Your copy starts at the line containing "Former Gatundu South MP Moses Kuria." and ends at the last line below. Copy exactly, without pictures.
※ ※ ※
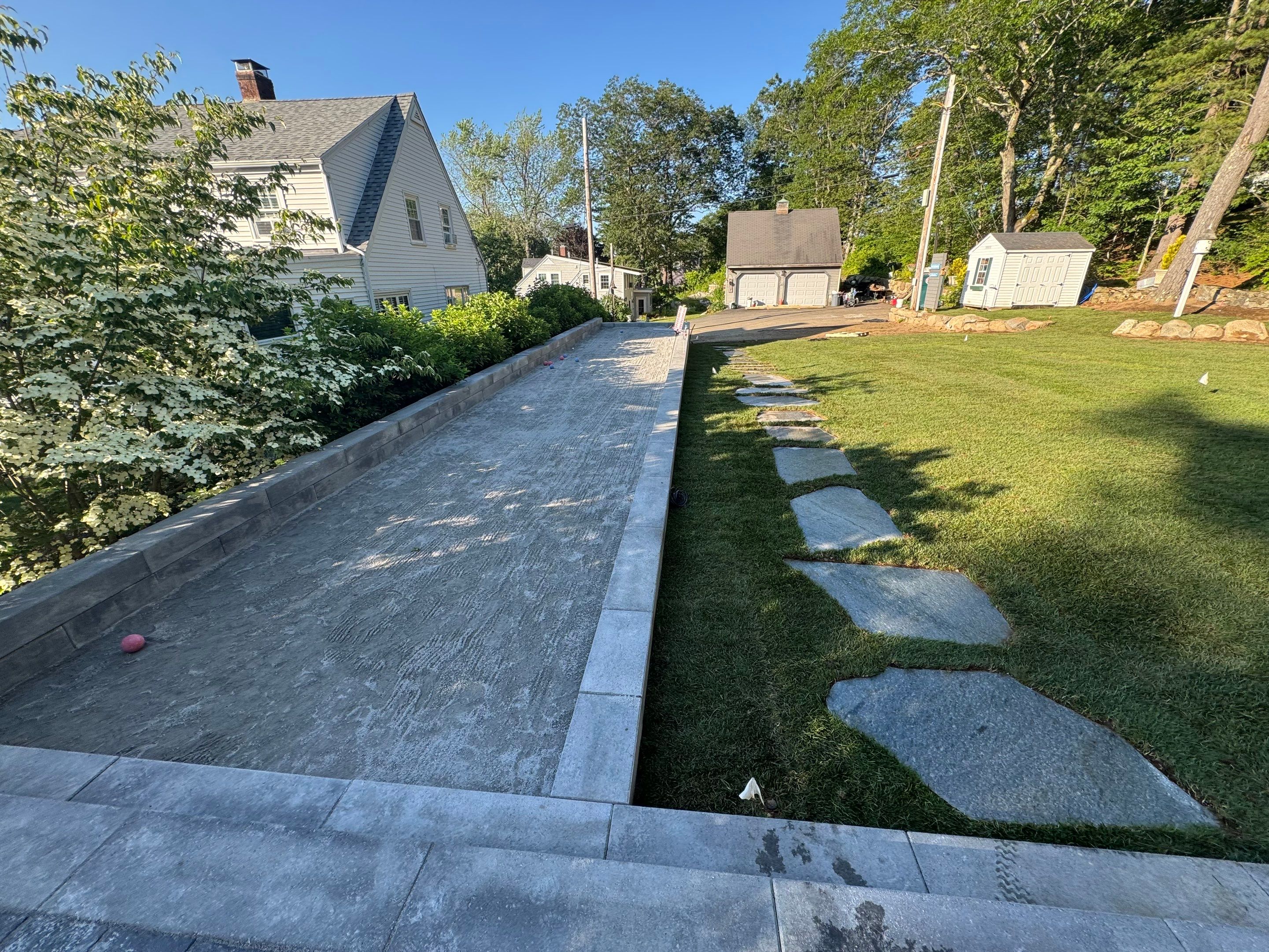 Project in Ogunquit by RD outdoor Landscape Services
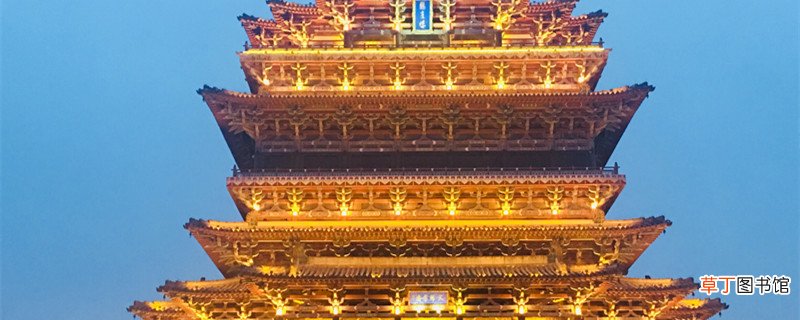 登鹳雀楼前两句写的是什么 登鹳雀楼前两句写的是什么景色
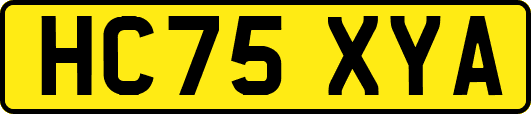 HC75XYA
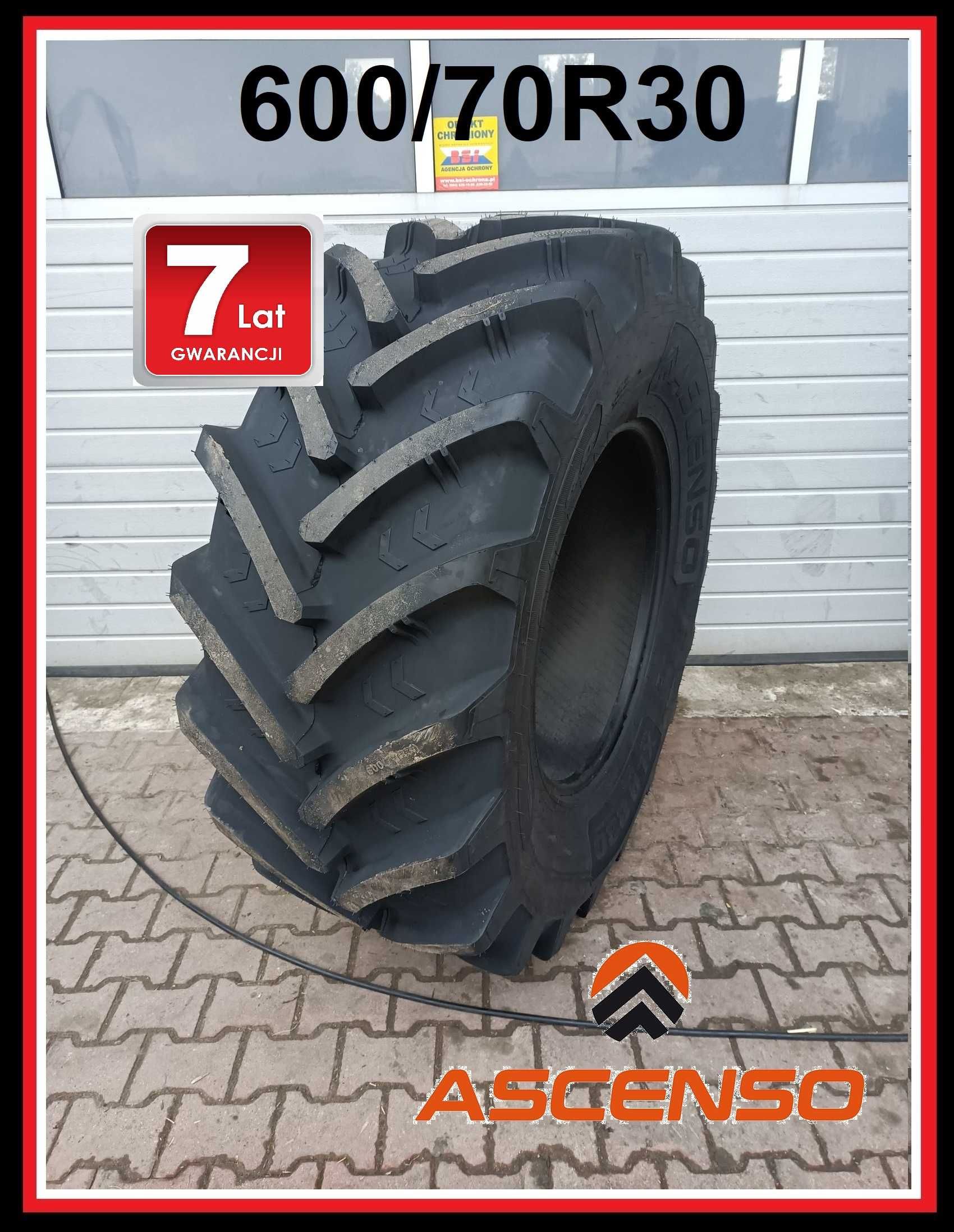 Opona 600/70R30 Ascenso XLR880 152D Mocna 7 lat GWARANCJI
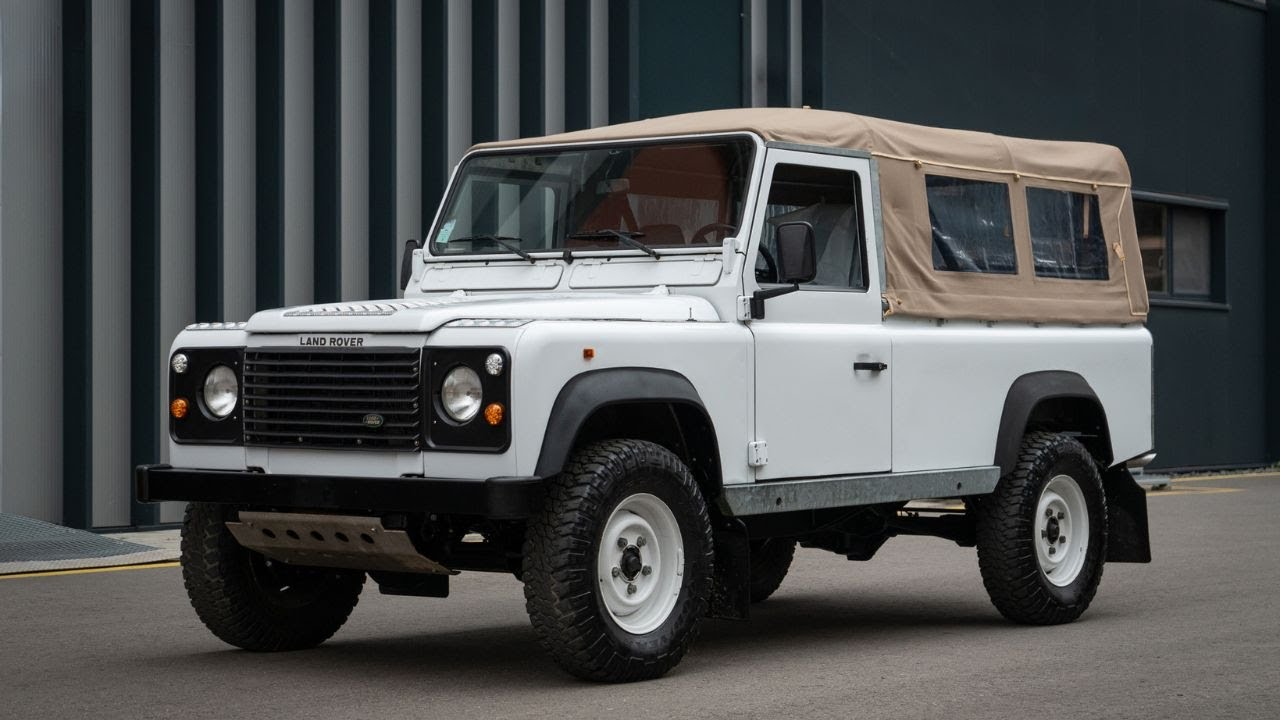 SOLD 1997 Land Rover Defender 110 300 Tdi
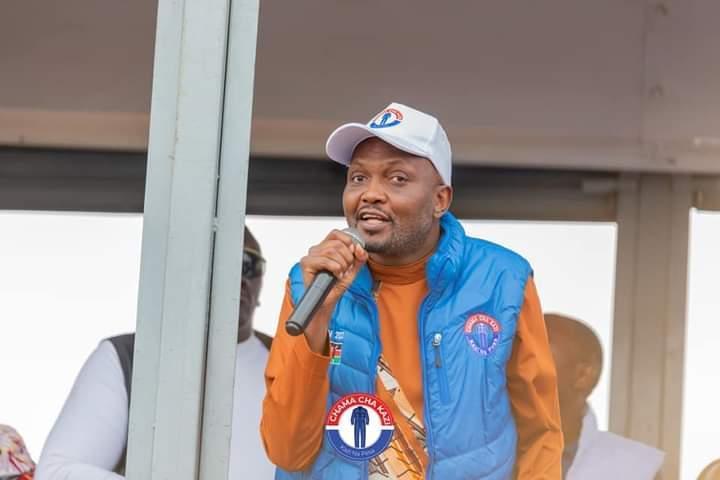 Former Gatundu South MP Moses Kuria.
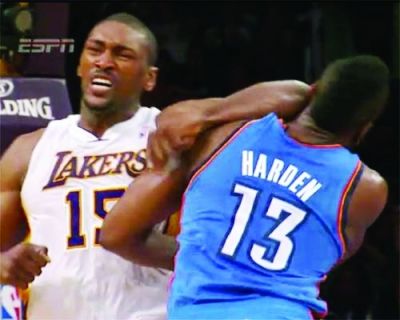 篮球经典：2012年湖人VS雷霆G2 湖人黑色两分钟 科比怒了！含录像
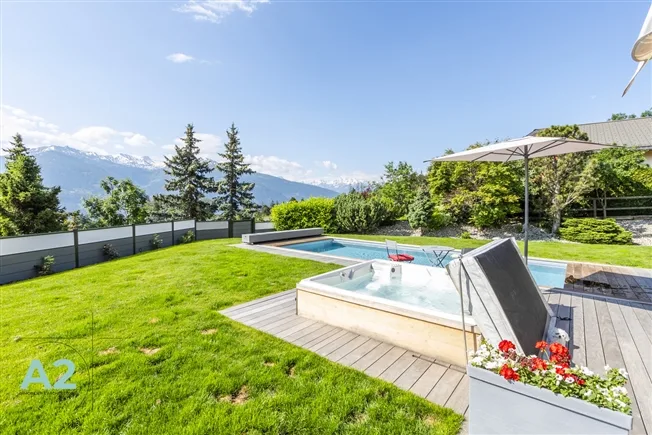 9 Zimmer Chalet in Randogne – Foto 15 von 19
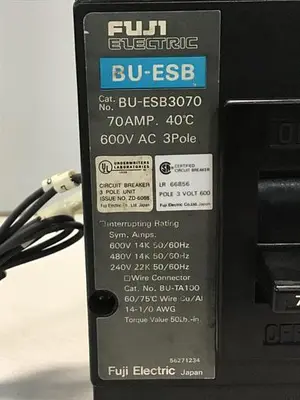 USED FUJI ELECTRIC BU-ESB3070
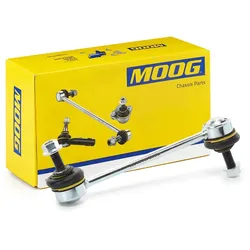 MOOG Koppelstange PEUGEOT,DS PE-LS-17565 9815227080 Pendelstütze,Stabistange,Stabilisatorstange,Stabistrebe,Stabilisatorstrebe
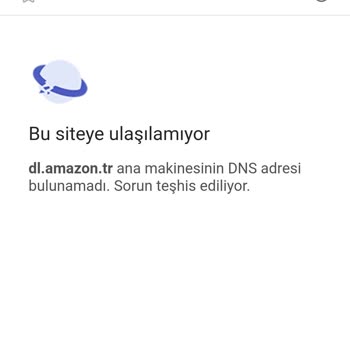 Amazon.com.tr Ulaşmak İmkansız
※ ※ ※
#### [Output of the task]
 Former Gatundu South MP Moses Kuria.
 篮球经典：2012年湖人VS雷霆G2 湖人黑色两分钟 科比怒了！含录像
 9 Zimmer Chalet in Randogne – Foto 15 von 19
 USED FUJI ELECTRIC BU-ESB3070
 MOOG Koppelstange PEUGEOT,DS PE-LS-17565 9815227080 Pendelstütze,Stabistange,Stabilisatorstange,Stabistrebe,Stabilisatorstrebe
 Amazon.com.tr Ulaşmak İmkansız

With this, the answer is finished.